Data Cleansing: An Unglamorous Necessity

By Mike Varney

“Garbage in, garbage out” – a common phrase in the data science world, and for good reason. Whilst we may believe they are, or wish them to be, computers are not magic. They’re superfast at what they do, but until technology takes a significant (and potentially scary) leap forward, you’ll only get from them exactly as much as you put in – and dealing with datasets is no different.

In the eight years as EasySAM’s senior data analyst, I’ve seen datasets on both ends of the quality spectrum – and everything in between. Comprehensive. Precise. Detailed. Lacking. Flawed. No matter how you might describe what is in front of you, one thing never changes: to accurately reflect reality, every data source (regardless of where it originated from or its assumed accuracy) must be reviewed and cleansed before it can be used for its intended purpose.

And today, we’re going to look through the cycle involved in getting that data squeaky clean.

What are we looking for?

With so many resources available for data collection on a seemingly infinite number of subjects, and the variance in quality across these sources so unpredictable, it is all too easy for issues to appear. For our SAM engagements, we’ll typically use 3 or 4 different sources from the dozen we frequently use – from baselining (Active Directory) to specific SAM tools (Flexera, SNOW, Xensam) and other useful applications (JAMF, RVTools, Smarter365).
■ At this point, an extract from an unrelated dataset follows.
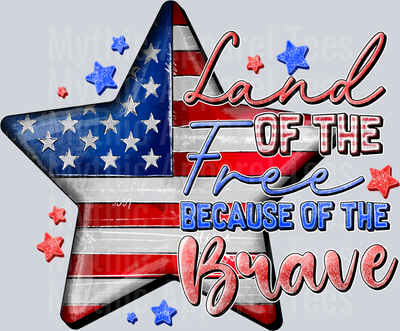 Land Of The Free Because Of The Brave 4th of July DTF Patriotic Transfers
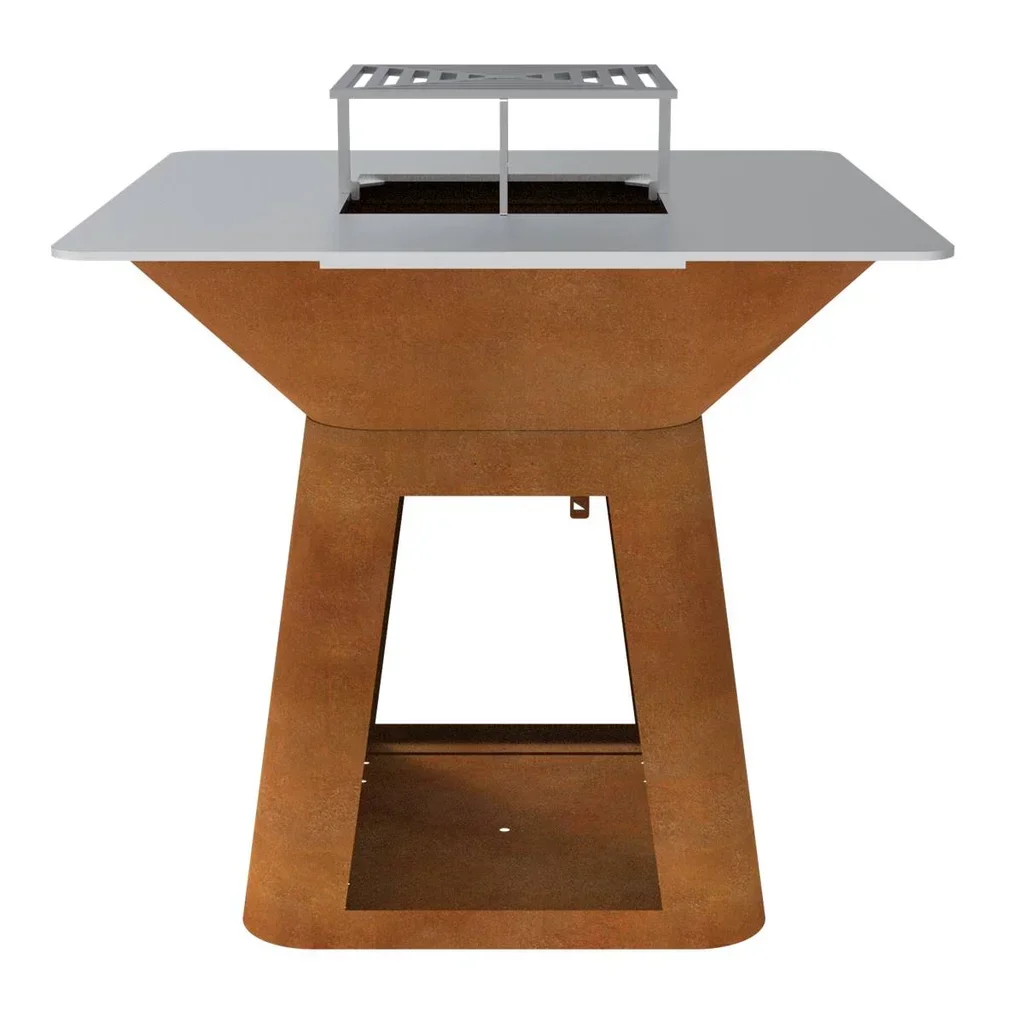 Brasero de acero corten Ø 100 cm con plancha cuadrada 100x100 cm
Whatever you’re using though, don’t get too comfortable. The capture of your data may be automated; where quality checks can be missing, leading to consistency issues. If you’re working with multiple datasets that have some crossover (as EasySAM do), there will be duplicates to contend with. And some data simply comes from unreliable sources, where what you see on screen just can’t be trusted.

Input Errors:

Data entry is often a manual process completed by a human, and even the most thorough of us are susceptible to entering the “wrong” information. A simple mistype here, or a misunderstanding there and you’re already on the back foot. Do this ten times in ten different ways, and your data starts becoming very messy, very quickly. Open-ended fields (such as free text) can be the biggest culprits of this, where two values (for example, “No” and “N”) may be identical to an end user, but a computer won’t interpret them this way.

Errant Capture:

Errors are not exclusive to humans, with machines capable of malfunctioning at any time too; and producing values outside of an accepted range. A computer won’t have 64 processors in it. Its last usage date won’t have been 01/01/1900. Humans should easily catch these errors, but computers will no doubt miss them if they fit the mould of the required data type (unless a permitted range has been coded to check for such errors).

Duplicates:

To ensure a comprehensive dataset, it’s always preferable to gather as much data as possible; but that leads to a high probability of duplication across the collected data. Often, this is not a simple issue to resolve. If there is even just one character difference in a device name, a computer (and possibly a human too) won’t recognise this as a duplicate, even if it turns out they are one and the same.

Lack of Standardisation:

When using multiple data sources, finding a lack of standardisation between them is common. To achieve a satisfactory result, all data that is similar needs to be streamlined for ease of use in whatever its intended purpose is. An easy observation to make, but not always an easy solution to implement.

Standardisation issues aren’t just limited to when using multiple sources, they can even occur within a single source – particularly with open-ended fields that utilise human input. There may be language/spelling differences or use of multiple terms across teams for the same topic or subject matter.

Spotting those problems

Now that we know some of the potential causes of unclean data, the next step is determining if the data in front of us has any issues.

Range Checking:

One of the easiest things to check, and understand, when dealing with numerical values is whether a datapoint is sitting within an expected range. If your data says a device has zero software installs on it, this will get the alarm bells ringing. The same would apply if the reading was 650 installs – a minute possibility.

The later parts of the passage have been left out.